President of the New Country Party
- In office 9 January 2004 – 24 November 2007
- Deputy: Frank Hough Jeff Knuth
- Preceded by: Party established
- Succeeded by: Chris Dodoff

Leader of Pauline Hanson's One Nation in Western Australia
- In office 3 October 1998 – 15 May 2003
- Leader: John Fischer
- Preceded by: Office established
- Succeeded by: Frank Hough

Member of the Western Australian Legislative Council for South West
- In office 22 May 2001 – 21 May 2005

Personal details
- Born: Patrick Paul Elliot Embry 19 October 1942 Oundle, England
- Died: 14 April 2026 (aged 83) Western Australia
- Party: New Country (2004–2008)
- Other political affiliations: One Nation (1998–2003) Independent (2003–2004)
- Spouse: Patricia (Trish) Finnegan
- Children: 4
- Parent(s): Basil Embry Margaret Elliot
- Occupation: Politician
- Profession: Politician

= Paddy Embry =

Australian politician (1942–2026)

Patrick Paul Elliot "Paddy" Embry (19 October 1942 – 14 April 2026) was an Australian politician.

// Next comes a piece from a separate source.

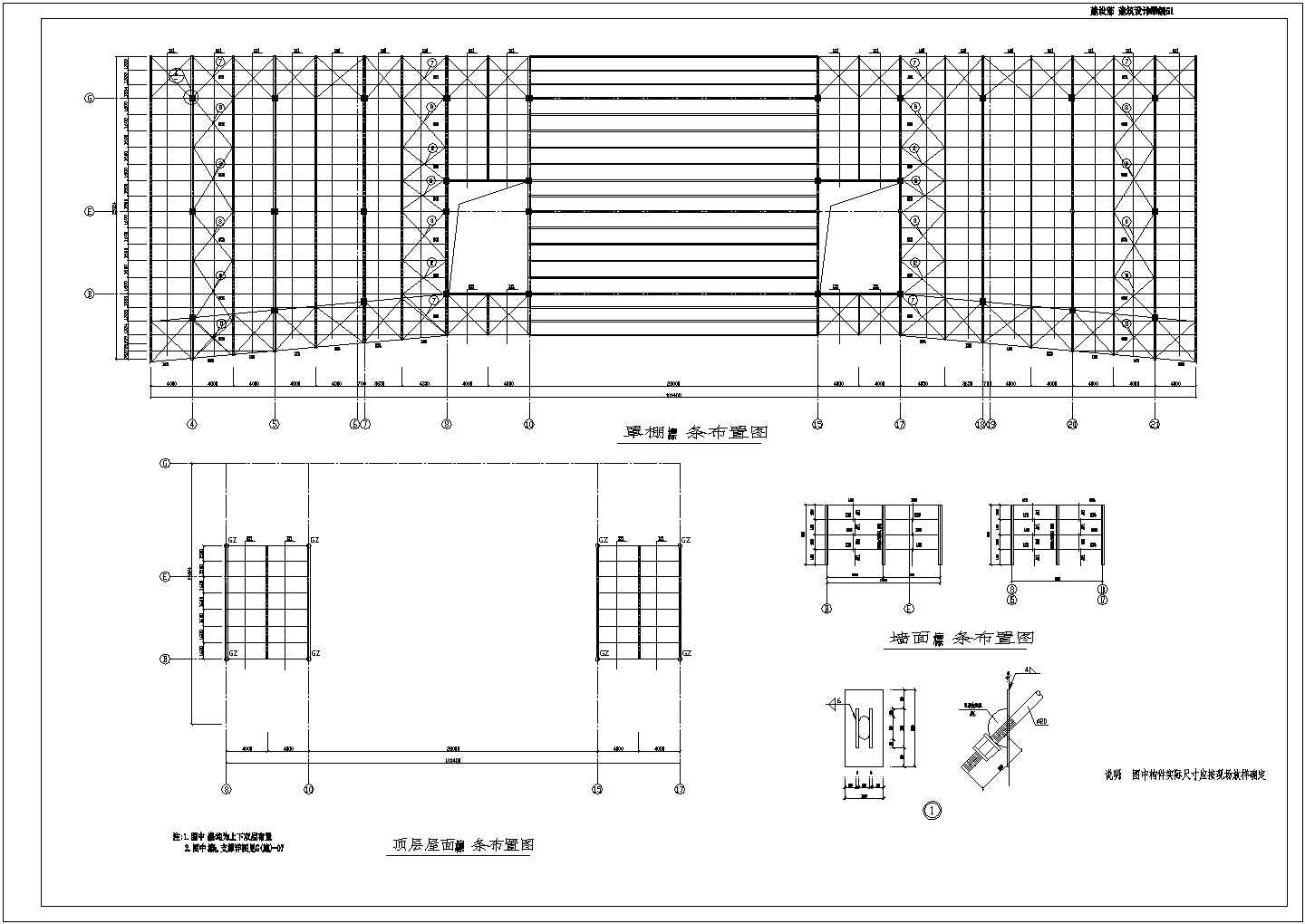 某学校钢结构教学楼设计图纸（共14张）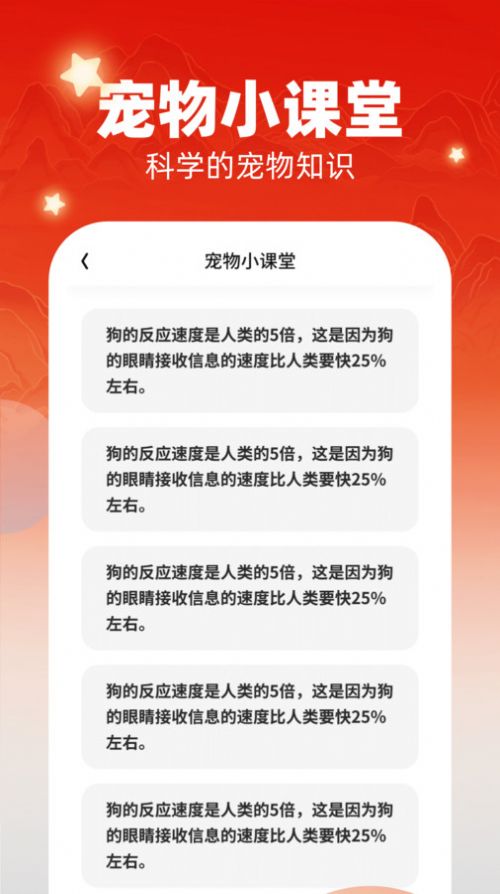 畅快汇看百科知识官方下载 v1.0.1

The son of highly decorated Royal Air Force commander Air Chief Marshal Basil Embry, he emigrated from England to Western Australia as a teenager. He served as a member of the Western Australian Legislative Council for the South West Region from 2001 to 2005, initially for Pauline Hanson's One Nation, before resigning and co-founding the short-lived New Country Party.

== Early life ==
Embry was born on 19 October 1942 in Oundle, England, the son of Air Chief Marshal Sir Basil Edward Embry and Lady Margaret (Hope) Elliot. His family emigrated to Australia in 1956, and Embry arrived in Western Australia in December that year.

== Political career ==
Embry joined Pauline Hanson's One Nation in 1998 and quickly rose to become the party's state vice-president (1999–2001) and a member of its policy committee. He was elected to the Legislative Council in the 2001 state election as one of three One Nation MLCs for the South West Region.

Citing internal divisions within the party, Embry resigned from One Nation on 15 May 2003 and sat as an independent.

In January 2004, Embry and fellow ex-One Nation MLC Frank Hough co-founded the New Country Party, positioning it as a rural-focused alternative. Embry served as its president until 2007. He denied claims that it was simply a One Nation clone. The party was unsuccessful in the 2005 state election, and Embry lost his seat.

After leaving parliament, he contested the 2010 federal election for the Australian Senate in Western Australia as an independent but was unsuccessful.

== Personal life and death ==
Embry married Patricia (Trish) Finnegan; the couple had four children. He died on 14 April 2026, aged 83.